有限责任公司股权转让相关问题探讨
作者:车成驹
我国《公司法》关于有限责任公司(以下所称公司均指有限责任公司)股东转让股权的规定比较少,主要集中在《公司法》第35条和36条,包括了有限责任公司股东转让股权的四项制度:股东内部股权自由任意转让制度、股东向股东以外的第三人转让股权限制制度、股东优先购买权制度和股权转让登记制度。由于这些制度理论研究尚不够深入,导致在司法实践中操作难度较大,当事人的合法权益受到侵害时,往往难以得到合理的保护。笔者下面就股权转让相关法律问题做一探讨,以期抛砖引玉。
一、股东内部股权转让相关问题
(一)股东内部股权转让造成"一人公司"的问题。我国《公司法》第20条规定,"有限责任公司由2个以上50个以下股东共同出资设立",可见我国《公司法》不承认独资有限责任公司(国有独资公司除外),但是按照《公司法》所规定的有限责任公司股东之间可以不受任何限制地转让股权的制度,就有可能出现全部股权转归一个股东所有的情况。对此有学者认为,一人公司不是公司制度发展的趋势,允许一人公司存在会给我国公司制度带来诸如导致公司滥设、损害公司制度改革等问题,全部股权集中到一个股东手里,会破坏我国公司立法的严谨性,也会影响我国公司制度的健康发展。但笔者认为,应彻底突破传统的公司社团性观念的束缚,对一人公司予以承认,而不再仅仅作为一种例外。理由是:第一,公司制度不会因承认一人公司而必然发生滥用现象。传统公司要求复数股东的意图主要是股东的复数可以使股东之间相互制约,以此维护公司的正常运转,保护债权人的利益。但是,复数股东对这种意图的实现究竟有多大意义值得怀疑。因为由于股东之间具有相同的利益,要通过股东之间相互制约保护债权人的利益往往没有多少实际意义。而且,以挂名股东方式规避复数股东的规定轻而易举,法律对此往往无能为力。在现实生活中,有限责任公司二人股东实际为一人股东的情况很多,而挂名股东的流行还会增加不必要的混乱和纠纷,作为管理公司年检的工商部门对这种情况也无能为力。与其法律禁止不了一人公司存在的现实,还不如承认其合法性。第二,有利于社会经济的发展。个人企业的法人化和个人责任的有限化是经济活动当事人的重要追求。承认一人公司有利于健全中小型企业体系,刺激中小型企业的活跃、有利于形成竞争和开放的市场体系。第三,顺应国际立法潮流。确认一人公司的法律地位已成为主要国家的立法通例,这种潮流反映了市场经济发展的共同需求性,在我国发展市场经济有必要顺应这种立法潮流。[1]

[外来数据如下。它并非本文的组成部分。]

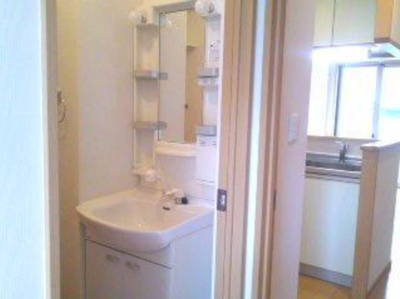 【洗面所】 | タブリスみなみ台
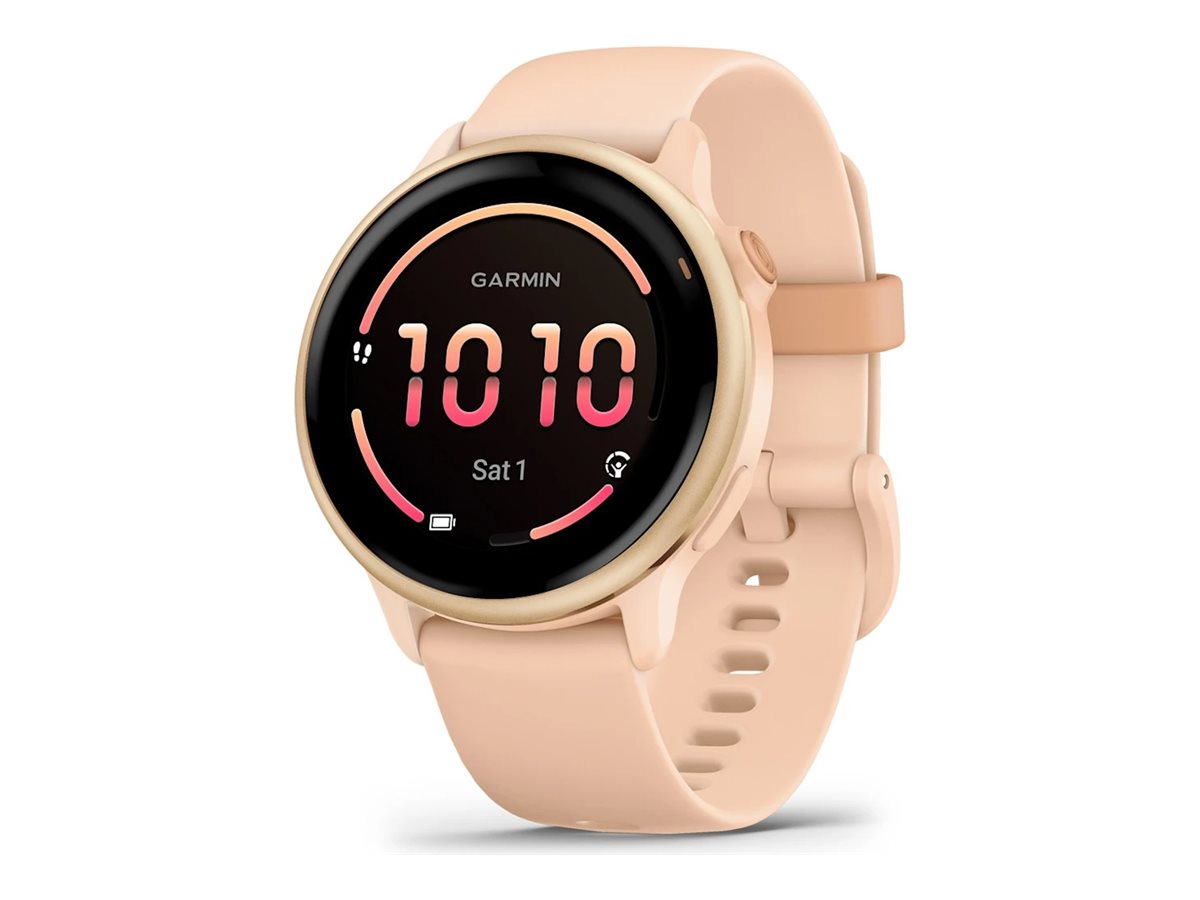 Garmin vívoactive 6 1.2" AMOLED 8 GB Rosa Morgen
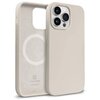 Etui CRONG Color Cover Magnetic MagSafe do Apple iPhone 14 Pro Kamienny beż Seria telefonu iPhone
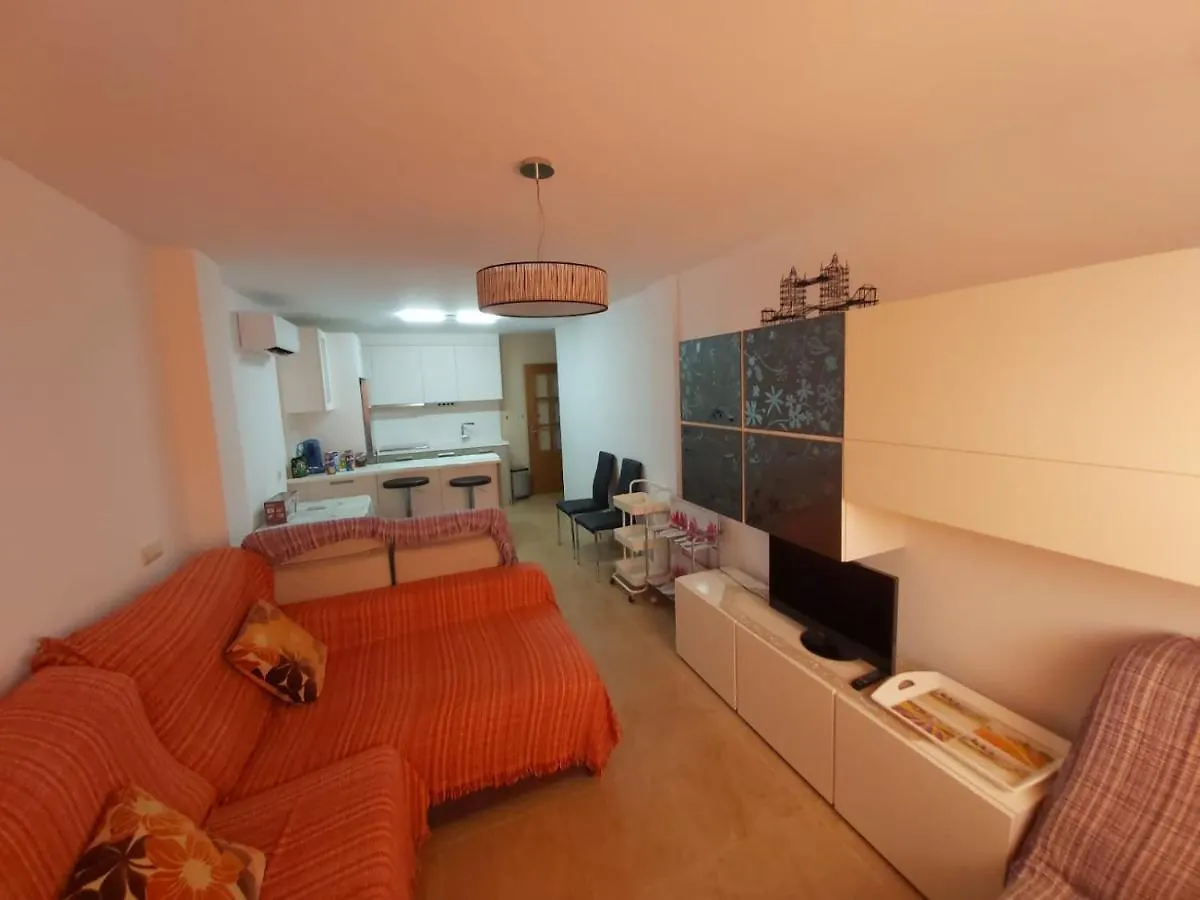 Apartamento El Timon Carboneras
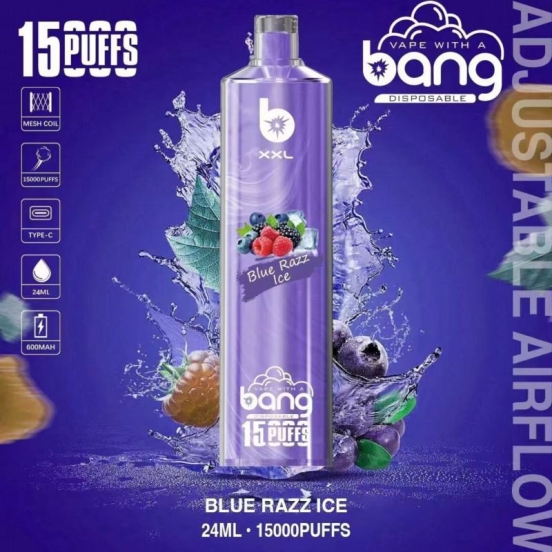 Bulk Price bangxxl15000 Bar Vape Bangxxl15000
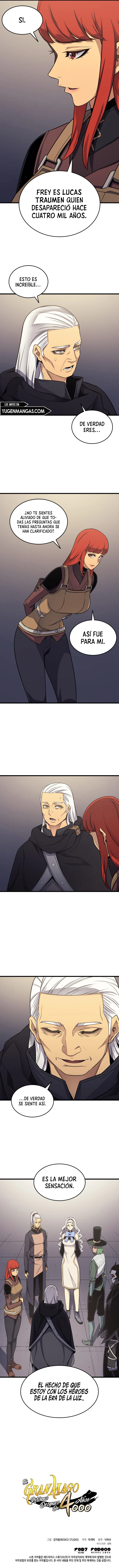 El Gran Mago Retorno Despues De 4000 Años Capítulo 139 - Page 14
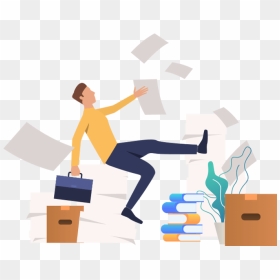 Miss Deadline, HD Png Download - white paper png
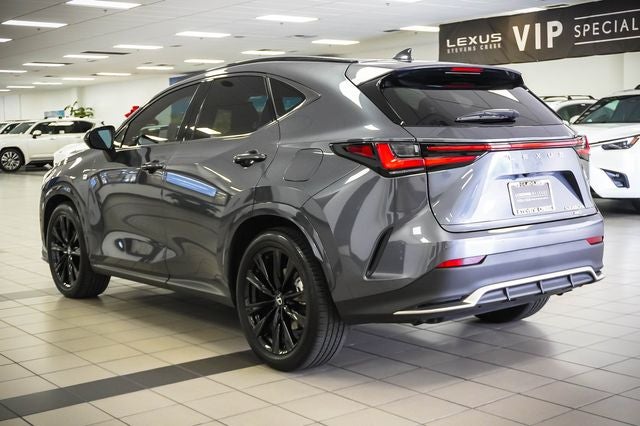2025 Lexus NX 450h+ F SPORT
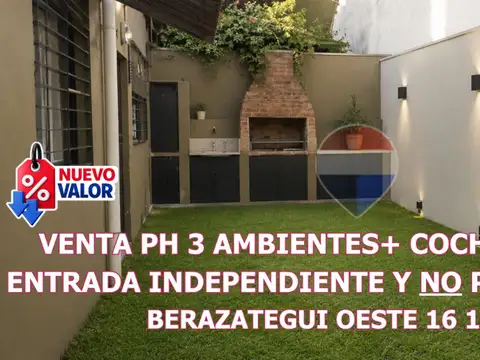 PH en Venta en Berazategui, Partido de Berazategui
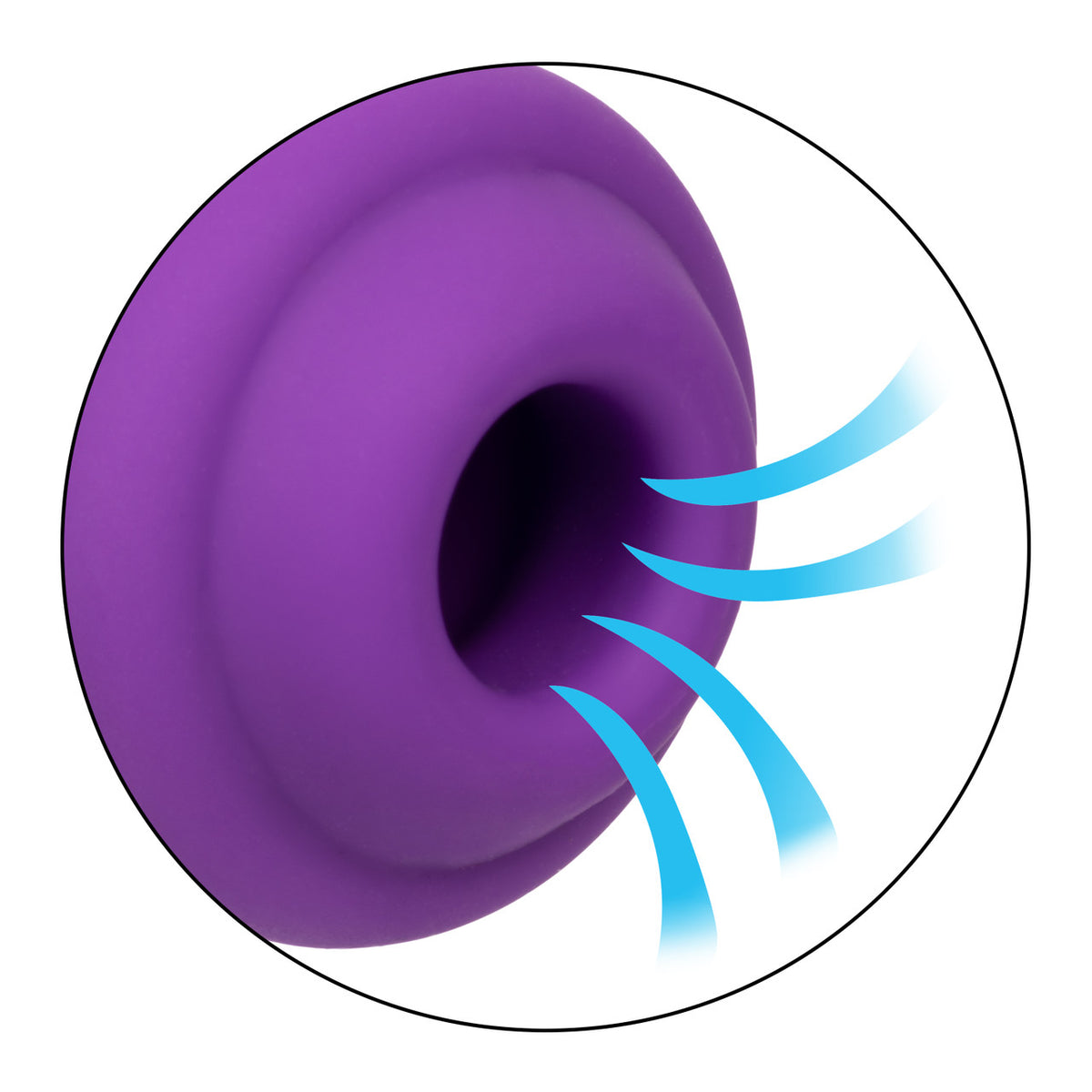 Stimulateur d'aspiration clitoridienne Sugar Rush 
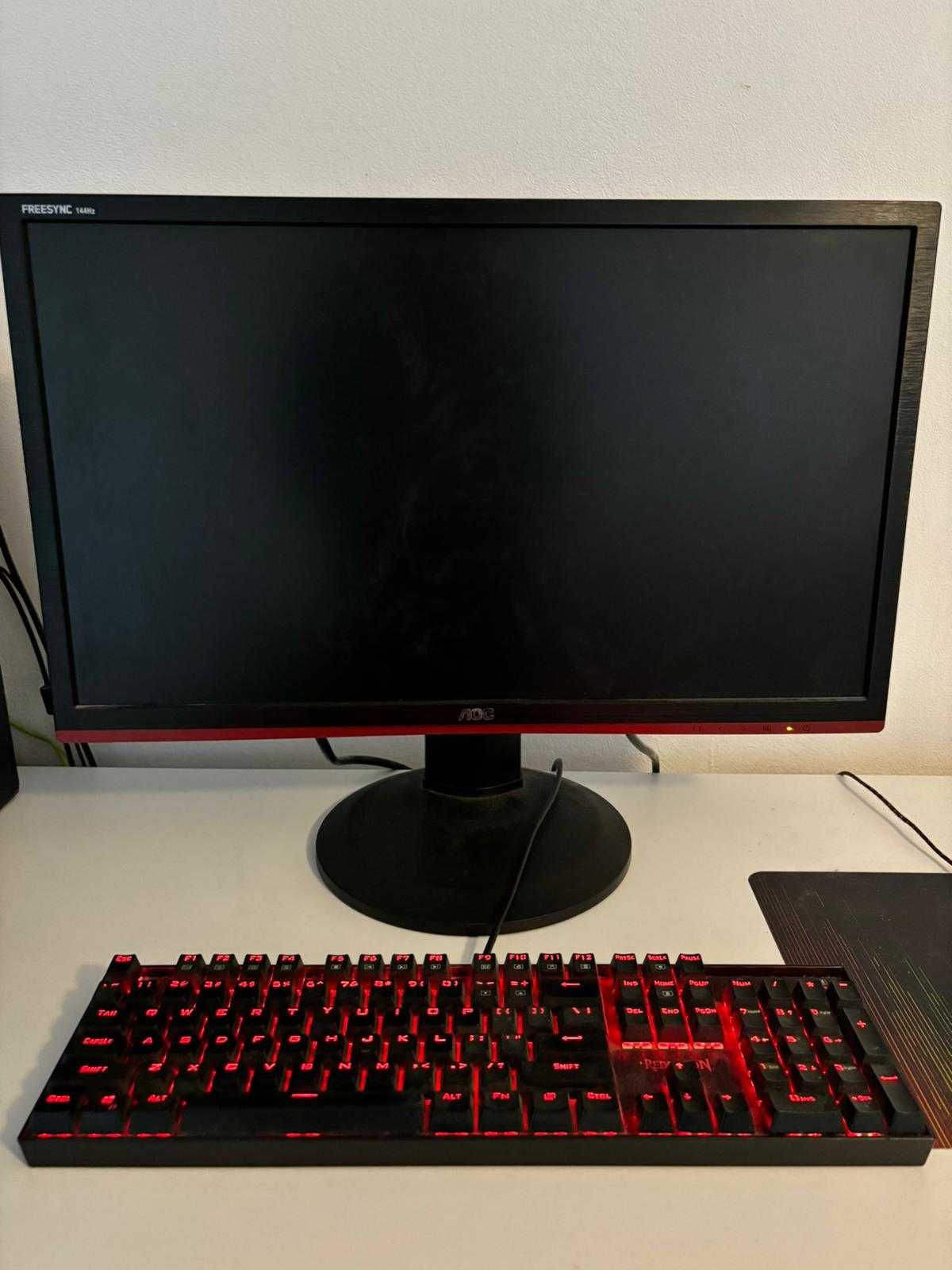 PC Gaming + 144hz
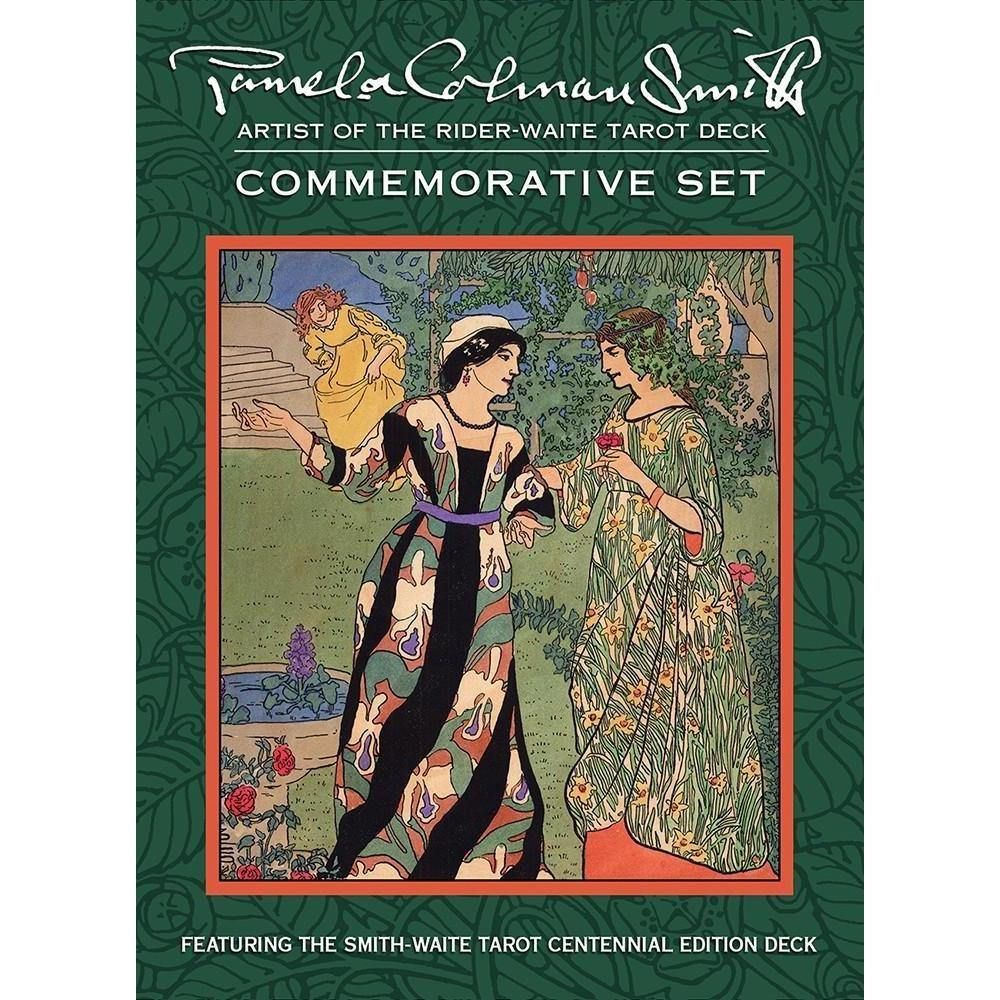 The Pamela Colman Smith Commemorative Set by Pamela Colman Smith, SKU UG-PCSS99, UPC 6016229989945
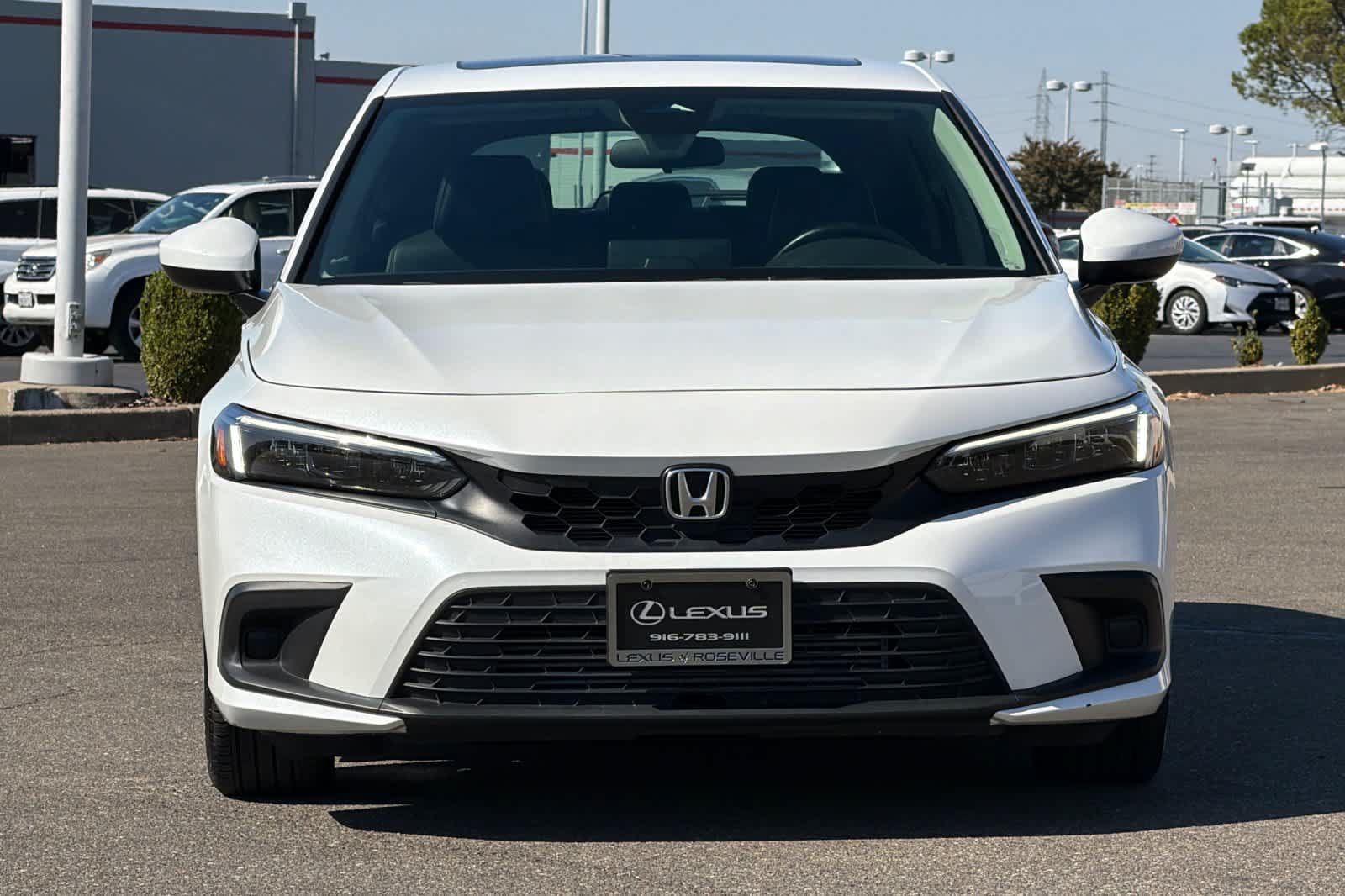 Used 2024 Honda Civic EX-L image 10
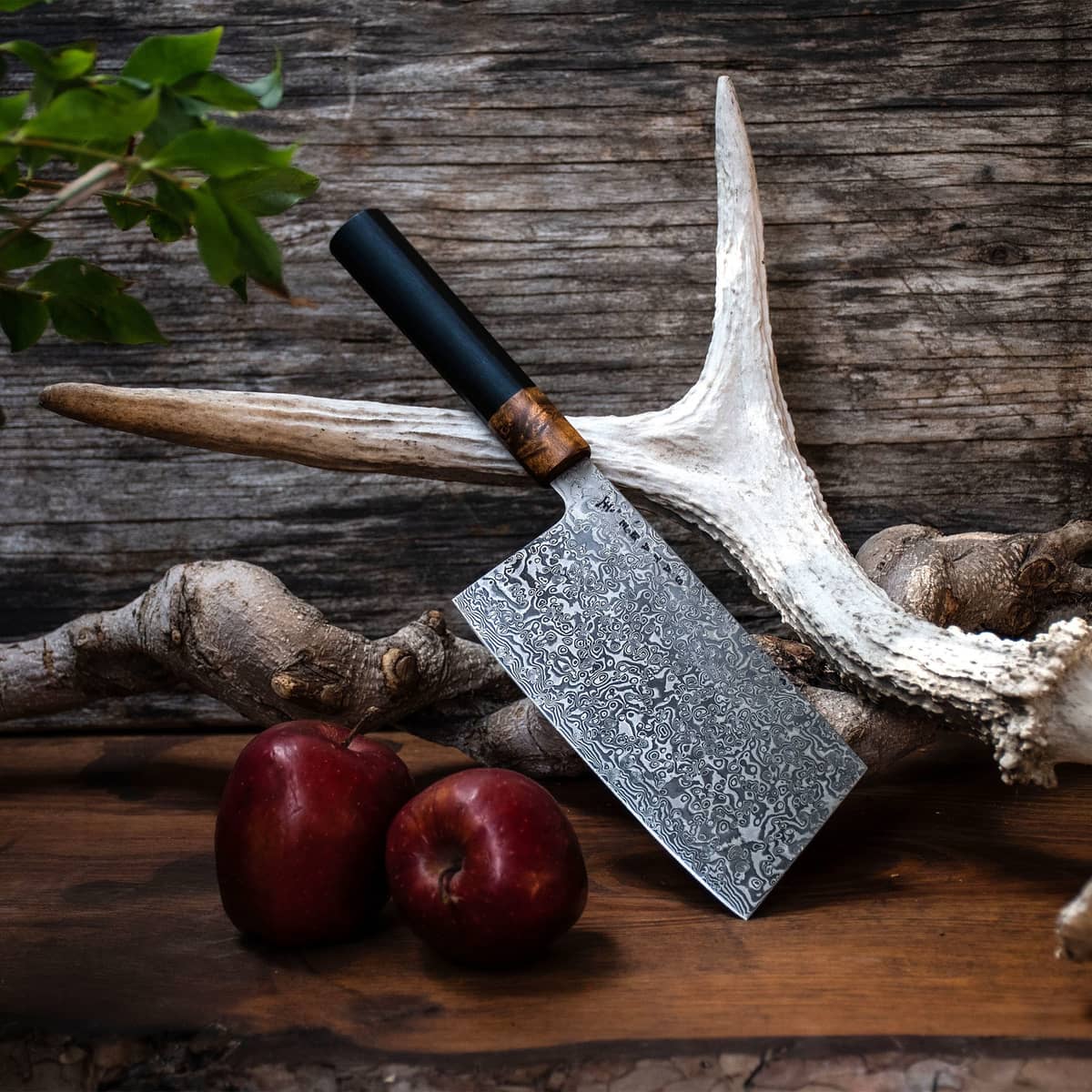 OMO kinesisk kockkniv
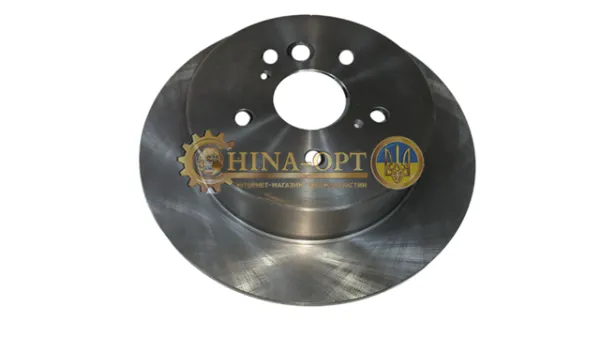 Disco do freio traseiro T116GN3502075 Chery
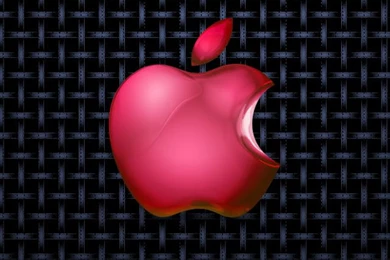 Red Apple Logo Wallpapers Iphone 6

(二)股东内部股权转让权利滥用的问题。股东内部转让股权时,转让双方是否可以不顾其他股东利益而随意自行转让呢?在同等条件下其他股东也要求购买转让的股权,应当如何调整股东间的利益?我国《公司法》对此没有做出规定。日本、法国《公司法》对股东之间转让股权规定了一些限制条款。《日本有限公司法》中赋予了其他股东对转让股权的异议权,即当其他股东不同意转让该股权时,公司应另行指定其他转让对方;《法国商事公司法》中规定有限责任公司章程可以制定一些限制股东之间股权转让的条款,并且规定当股东之间转让股权时,转让计划应通知公司及其每个股东,其他股东对该转让股权持有异议的,可以请求公司拒绝该股权的转让。[2]但是这些规定均没有解决股东之间转让股权的公平性与合理性问题。笔者认为在股东内部转让股权问题上,应尽快通过立法或做出司法解释,对股东内部相互转让股权的转让价格、转让条件、转让对象等内容做出适度限制,以保障其他股东优先购买权不受侵害,既体现公平合理性,又防止股东之间自由转让股权权利的滥用。
二、股东向股东以外第三人转让股权的问题
(一)股东向股东以外的第三人转让股权的简单多数通过原则与公司章程修改通过原则以及股东会表决原则三者之间的冲突。《公司法》第41条规定,"股东会会议由股东按照出资比例行使表决权",这与《公司法》第35条第2款规定的按照股东人数表决原则相冲突。对此冲突,笔者认为:有限责任公司既有资合性,也有人合性。从资合性讲,有限责任公司股东应当按照持股比例行使表决权;而从人合性讲,股东会应当按照股东人数行使表决权,要确定在某一具体事项上如何行使表决权,关健在于分清该事项涉及公司的资合性质,还是人合性质。而人们认为有限责任公司具有人合性根据之一,就是法律规定股东向股东以外第三人转让其股权要受到限制。同时,有限责任公司股东会的职权,许多来源于股东的权利,股东的权利一般涉及两个方面,一个是对财产性权利的表决,对此应由股东按照持股比例行使表决权,因为财产性权利的决策与股东持股比例联系更密切,也符合市场经济的资产投入和利润回报的关系;另一个就是基于股东的身份地位选择管理者,参与决定股东变更、选择合作伙伴的权利,而股东向第三人转让股权带来的法律后果就是公司股东合作伙伴的变更,显然属于人合性质的事项,由股东按照股东人数行使表决权更能体现股东的平等表决权,每一位股东都有权选择其认为适当的合作伙伴,如果不同意其他股东向第三人转让股权,可以行使优先购买权以抗衡。股东持股多少与选择新的合作伙伴(股权受让人)之间没有任何关系,当然也就不能采取按照持股的比例行使表决权,否则将损害其他股东的权利行使。因此,股东向股东以外的第三人转让股权按照全体股东人数进行表决更符合立法本意。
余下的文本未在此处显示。